PhD student position in Generative Modelling of Conversational Dynamics at the School of Electrical Engineering and Computer Science at KTH Royal Institute of Technology.
Project description
This project aims to create generative models of spoken conversation that enable speaking machines to adapt their conversation style over time, in the same natural manner that we humans do. To make this a reality, you will perform self-supervised learning of aspects such as speech patterns, rhythm, and intonation from human dialogues, and use the results to build better, adaptive text-to-speech systems. This represents a new way to integrate text-to-speech technology, dialogue systems, and generative machine learning. By being speaker-agnostic, the approach seeks to do this without propagating existing biases, to create engaging and inclusive human-computer interactions.

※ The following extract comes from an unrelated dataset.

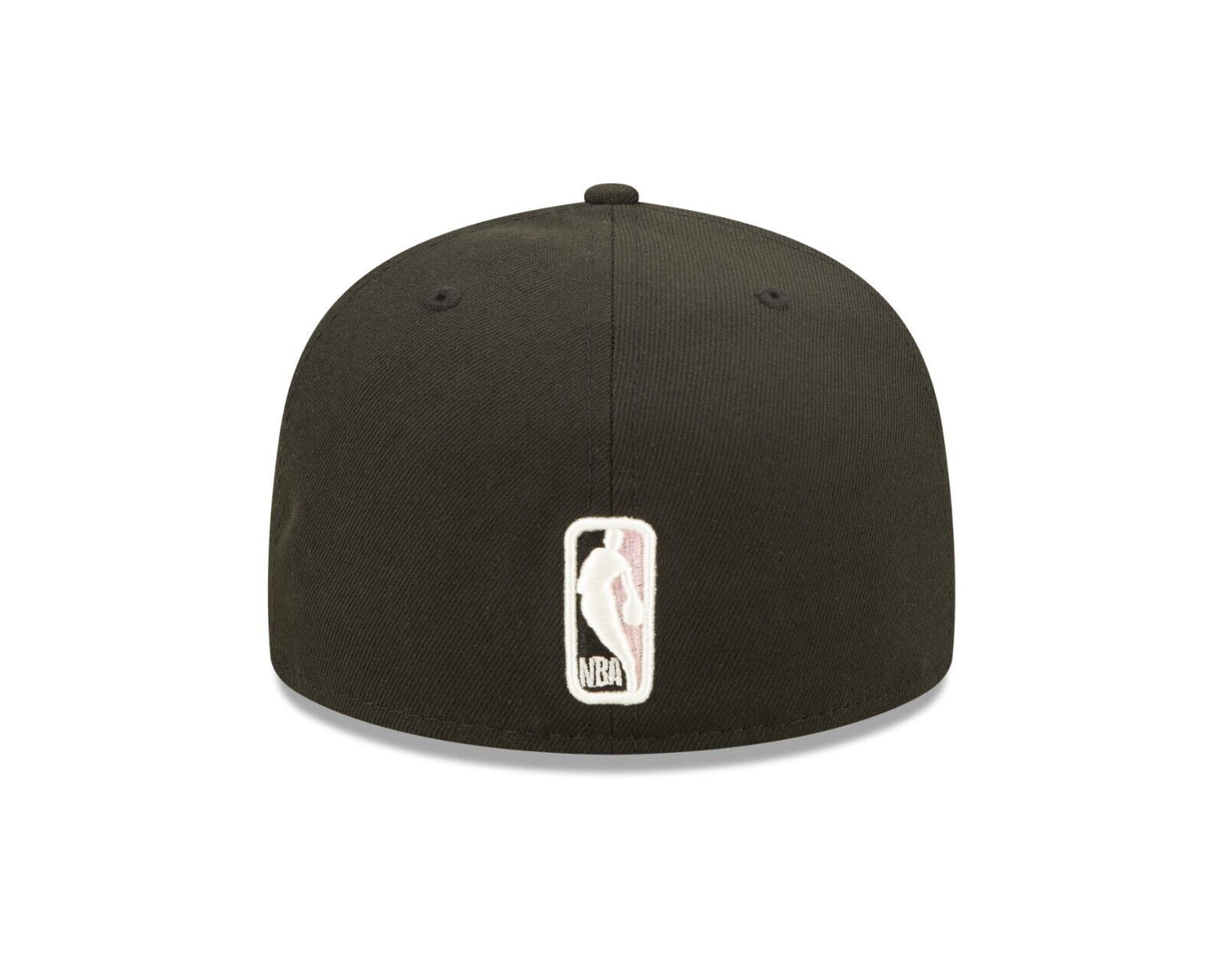 New Era 59Fifty Chicago Bulls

In order to succeed as a doctoral student at KTH you need to be goal oriented and persevering in your work. During the selection process, candidates will be assessed upon their ability to:
- independently pursue their work
- collaborate with others,
- have a professional approach and
- analyse and work with complex issues.
Other important traits are curiosity, attention to detail, and openness toward interdisciplinary research.
The applicant needs to demonstrate excellent command of deep learning, including strong programming skills in PyTorch or similar. Experience in areas like speech technology, large language models (LLMs), self-supervised learning, and signal processing is also desirable.
After the qualification requirements, great emphasis will be placed on personal competency.